The Literature of Spiritualism
There is vast literature on Spiritualism. Many important works from the nineteenth century are long out of print. This literature ranges from mediumistic communications of varied value, including spirit revelations from automatic writing, trance sermons, and séances, to personal experiences of investigators and theories of psychical researchers, to histories of Spiritualism and attacks on it.
Books that chart the transition from mesmerism and animal magnetism to Spiritualism are valuable for the information and opinions of the time. Emma Hardinge Britten's Nineteenth Century Miracles (1884) and Modern American Spiritualism (1869) are full of detailed, hard-to-find information on the events of the period but are written from the viewpoint of a firm believer and worker in the field and are sometimes marred by inaccurate quotations. Alphonse Cahagnet's The Celestial Telegraph (2 vols., 1851) and Robert Hare's Experimental Investigation of the Spirit Manifestations (1856) are also of special period interest.
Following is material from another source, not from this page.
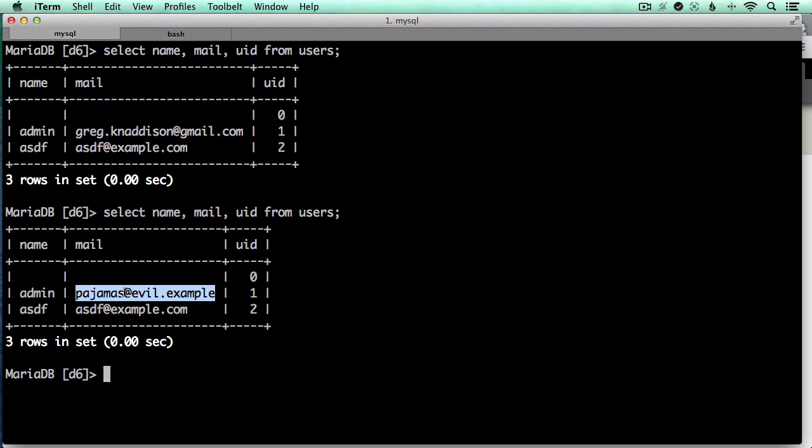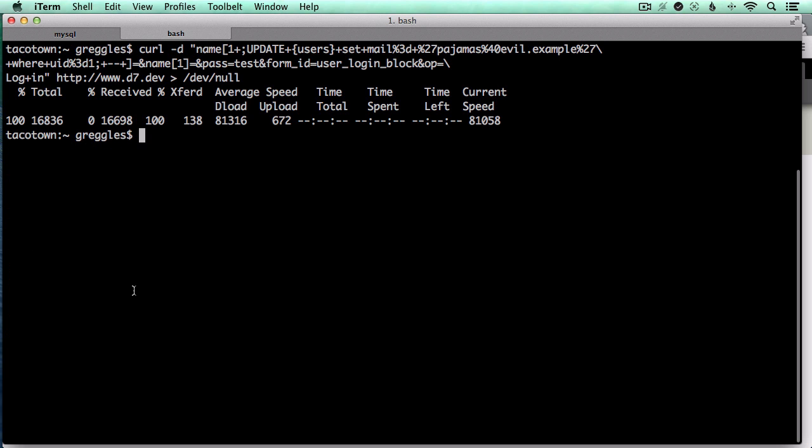It didn't require any action on the part of an admin on the site, doesn't require any particular site-specific code in order to get it done, other than the fact that the curl command has to be sent to that host name. And so an attacker could hit a lot of different sites using this kind of vulnerability.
Autobiographies of mediums are fascinating and well worth studying for their firsthand subjective viewpoint. A classic work of this kind is D. D. Home's Incidents in My Life (1863). Other popular works of this kind are Estelle Roberts' Fifty Years a Medium (1969) and Doris Stokes's Voices in My Ear (1980).
Various histories of Spiritualism are available, but there is no single satisfactory work. It is advisable to study different histories, bearing in mind the commitment of their writers. Cesar de Vesme's History of Experimental Spiritualism (2 vols., 1931) is a comprehensive survey of Spiritualist type phenomena in many countries from primitive times on. William Howitt's The History of the Supernatural (1863) is useful, if simplistic, in tracing the antecedents of Spiritualism in past ages. E. W. Capron's Modern Spiritualism: Its Facts and Fanaticism, Its Consistencies and Contradictions (1855) has special interest as an account of the movement in its early years.
Sir Arthur Conan Doyle's History of Spiritualism (2 vols., 1926) is an important review of the background and history of the movement, but non-critical in its presentation. Frank Pod-more's Modern Spiritualism (2 vols., 1902) is a skeptical review, valuable for its detailed information of early mediumship. J. Arthur Hill's Spiritualism: Its History, Phenomena and Doctrine (1918) is useful but fragmentary. A. Campbell Holms's The Facts of Psychic Science and Philosophy (1925) is a useful tabulation of the phenomena of Spiritualism but non-critical in treatment.
In the decades since Spiritualism celebrated its centennial in 1948, a variety of scholars, primarily sociologists and historians, have taken a look at the movement and provided valuable additions to the literature. Foremost is J. Stillson Judah's The History and Philosophy of the Metaphysical Movements in America (1967), which discusses Spiritualism in the larger context of the movement, from the doctrines of Emanuel Swedenborg to Spiritualism and then to Theosophy. An excellent modern survey of nineteenth-century Spiritualism in the United States is provided in Slater Brown's The Heyday of Spiritualism (1970); and British Spiritualism is covered in Geoffrey K. Nelson's Spiritualism and Society (1969). Hans Bear supplies a most valuable discussion of the very neglected spiritual churches, the movement of Spiritualism in the African American community. Lamar Keene, a former Spiritualist, documents the continuance of fake materialization séances in some Spiritualist churches. Keene's volume joins a long list of older but still valuable literature, such as John W. Truesdell's The Bottom Facts Concerning the Science of Spiritualism (1884); Julien J. Proskauer's Spook Crooks! Exposing the Secrets of the Prophet-eers Who Conduct Our Wickedest Industry (1932); Harry Houdini's A Magician Among the Spirits (1924); and the anonymous Revelations of a Spirit Medium (1891; reissued by Harry Price and Eric J. Ding-wall).